Enough to make you weep.

You wonder if George Osborne’s tears at Margaret Thatcher’s funeral were as much to do with sorrow at having adopted her not for turning mantle, as regret at the passing of a political hero who didn’t feel the need to speak estuary to up her popularity ratings.

Today you wonder whether the tears are flowing more copiously, or have just dried up in resignation on hearing from Goldman Sachs’ boss Lloyd Blankfein, sitting comfortably atop first quarter profits of £1.47bn (1.2% of UK government borrowing in 2012), that Osborne is stuck with his austerity approach, like it or lump it.

Talk about a rock and a hard place.  Speaking on Radio 4’s Today Programme, Blankfein fundamentally concurred with the conclusions of IMF chief economist Olivier Blanchard last week, and the thinking behind the decisions of first Moody’s and latterly Fitch to downgrade the UK’s triple A credit rating.  If the country’s efforts to escape the downturn are to not to continue to resemble those of a spider climbing out of the bath, it needs an economic plan B.

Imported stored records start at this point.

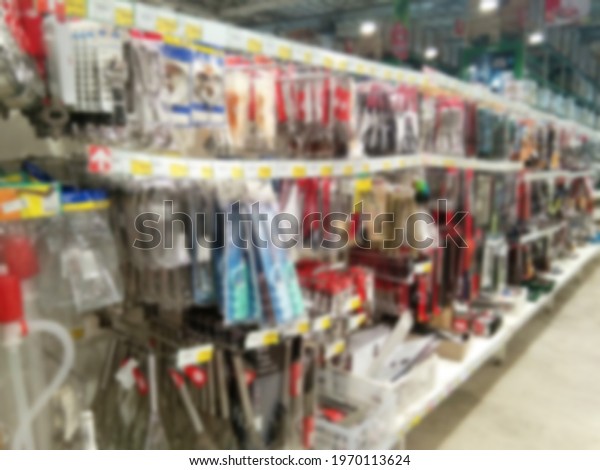 kitchenware department on blur\
background, Picture of Small kitchen utensils in blur style\
effect.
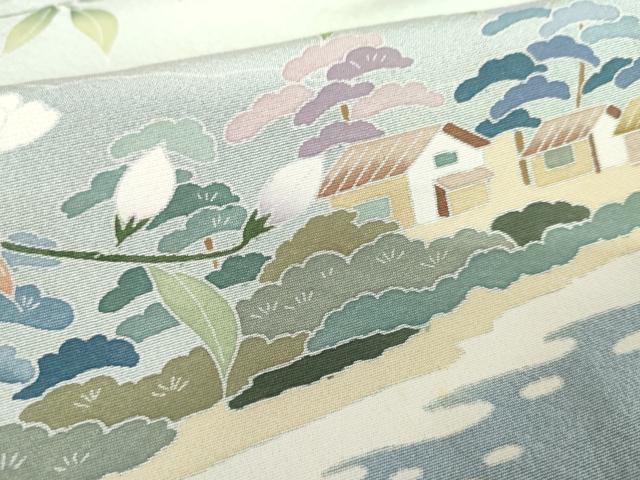 平和屋着物●訪問着　友禅　作家物　浜松風景文　暈し染め　正絹　逸品　AABE5222cs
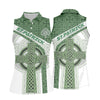 Maxcorners St Patrick's Day Celtic Knotwork Pattern Shamrock Golf Shirt, Women's Golf Tops, Ladies Golf Polos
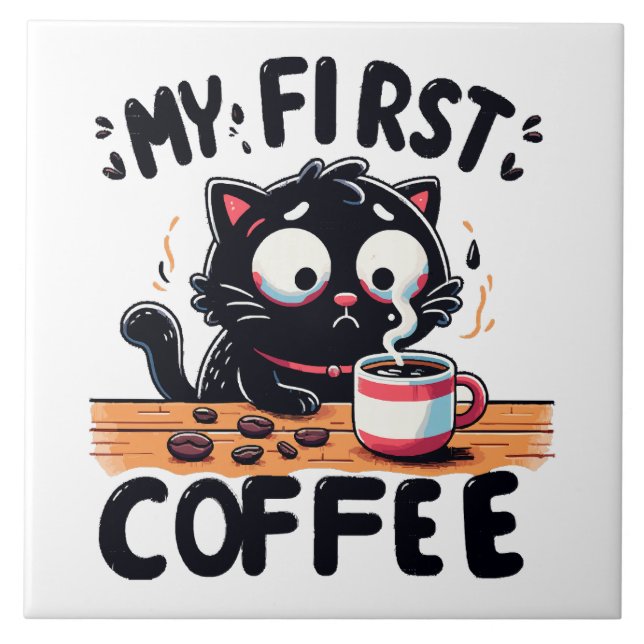 Första svarta kaffet Äventyr Kakelplatta (Framsidan)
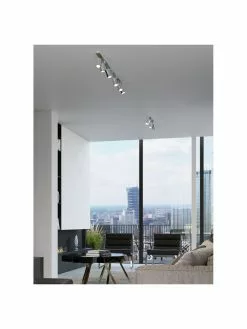 Großer Deckenstrahler Etna in Chrom, B 120 x H 15 cm -Leuchten Verkaufsladen Grosser Deckenstrahler Etna in Chrom 4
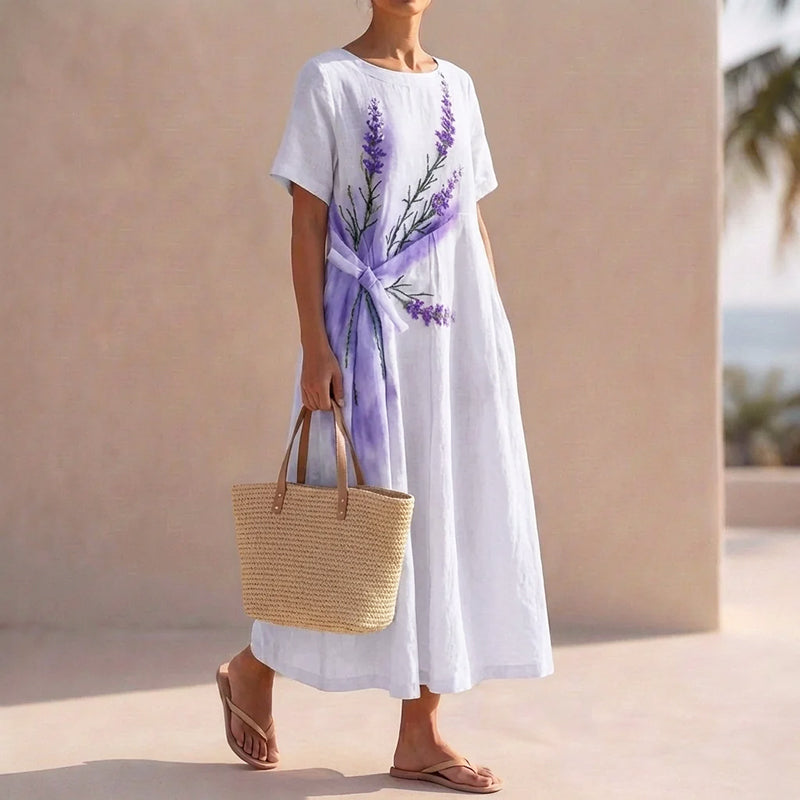 Noelle - Women’s Floral Print Loose-Fit Midi Dress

“You would like it at this part of the cycle not to cut, to push out austerity and not to shrink the economy,” said Blankfein.  But, tough, he added. That course is only permitted to countries, which have done their housekeeping, balanced the books and not cranked up an enormous deficit, otherwise the markets will react badly.

“If you have a big deficit, you lose optionality,” said Blankfein. “The choices get taken away from you.”

So no chance then of that preferable loosening of the purse strings to let the economy breathe. Instead, continued snail-paced growth, with the likelihood of the further credit rating downgrades that entails, followed, in turn, by probable higher government borrowing costs and, consequently, even less flexibility for pump priming business and industry.

Reading between Mr Blankfein’s lines, businesses, especially small to medium-sized ones (SMEs), can’t expect the banks to stump up much more of the cash that government can’t provide either. The reason? They’re frightened, poor loves.

“Businesses are starving for cash and banks have cash idle, but they’re afraid, for want of a better word,” said Blankfein. And he understood their anxiety, he added, uttering the words you probably wouldn’t expect or hope to hear from a Jedi master among masters of the universe; that “lending money to businesses is one of the riskiest things you can do”.

Goldman Sachs, however, does a little something for the small business community. It won’t lend them the cash they’re starving for (they’re way too small and it’s way too frightening), but it will teach them new skills. Blankfein is over here to talk up and talk about his company’s programme for improving the general business nous of SMEs and “professionalising” them, an international offshoot of its USA 10,000 Small Businesses scheme.

Participating businesses in the UK do rate the initiative. But facing flat demand in a stagnating economy, those SMEs which have seen their or their customers’ credit ratings cut by the banks are likely to utter a hollow laugh, or shed an Osborne like tear, at any suggestion that such projects are going to do much to lift their or the UK’s fortunes in the near future. 

Lloyd Blankfein Photograph: Getty Images

Mike Jeffree edits the Timber Trades Journal.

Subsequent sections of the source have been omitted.